Wednesday, May 15, 2024

DEI will 'DIE' at UNC as board votes to end it and fund the police


The University of North Carolina at Chapel Hill Board of Trustees has finally figured it out: diversity, equity and inclusion (DEI) sounds nice but so does the word 'abomination.' Also, it doesn't work. These late-comers to rational thinking have finally decided to transfer millions in funding that went to these leftist feel-good programs and hiring to public safety and campus police after seeing the results of anti-Israel/anti-Semitic demonstrations and concomitant rioting.

The unanimous decision by the trustees will now reallocate $2,300,000 previously spent on DEI garbage programs toward public safety measures and police as part of its annual budget.

Last fiscal year, UNC Chapel Hill’s operating budget surpassed $4 billion,  more than the GDP of Burundi.

"My personal opinion is that there’s administrative bloat in the university," Board Chair David Boliek told NC regional newspaper The News & Observer, anticipating some jobs would be scrapped as a result. "Any cuts in administration and diverting of dollars to rubber-meets-the-road efforts like public safety and teaching is important."

Though Boliek claimed that the policy was under consideration before anti-Israel protests reached a fever pitch at campuses across the country, Trustee Marty Kotis admitted that law enforcement needed more funding after the school saw the aftermath of demonstrations last month which resulted in several arrests.

"It’s important to consider the needs of all 30,000 students, not just 100 or so that may want to disrupt the university’s operations," Kotis told the newspaper. Especially not the 100 or so disrupters who seem to be supported by the Biden administration.

Monday’s special meeting came before the UNC Board of Governors, which oversees all 17 public universities in the state. They expect to vote statewide next week to determine whether to restrict all DEI programs, which should be a no-brainer. 

The board’s five-person Committee on University Governance already voted last month to reverse and replace a policy related to DEI, but the full board of 24 members must vote for the repeal to take effect.
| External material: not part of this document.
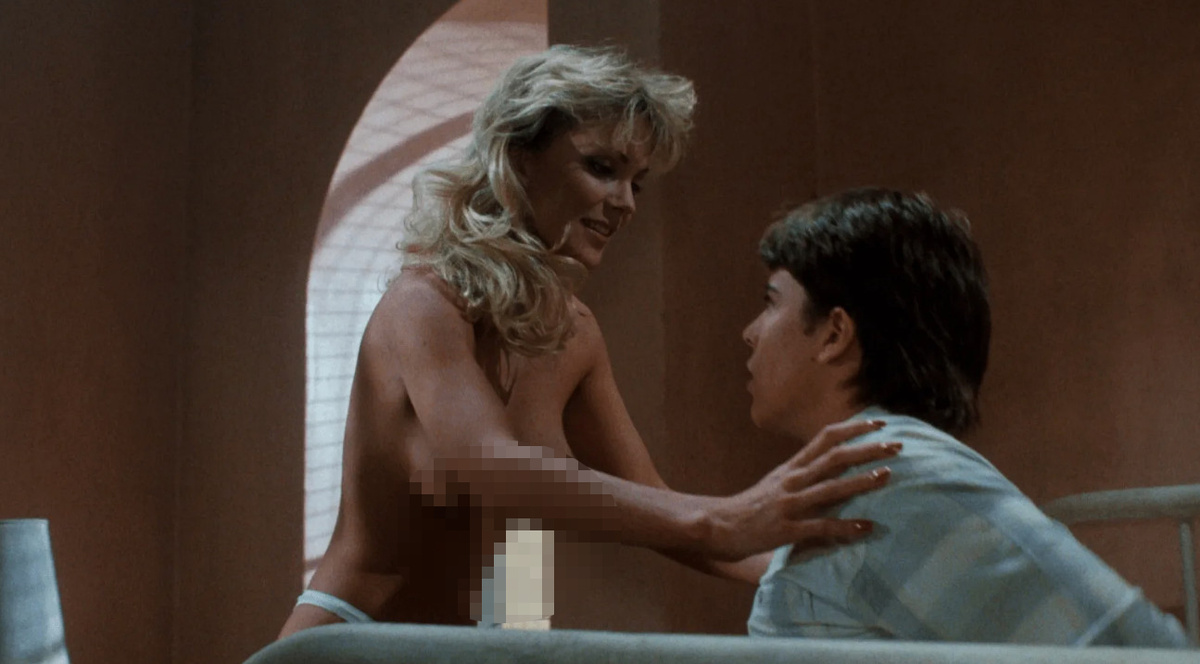 She was utterly captivating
It is not known whether the 24 member board are products of DEI, but if they are, the schools are doomed to commit the same mistakes in hiring based on immutable characteristics rather than merit.

However, if the policy if totally repealed, the UNC system would join other major universities in getting rid of their racist diversity offices, and maybe white people and Asians would no longer be targets of academic discrimination.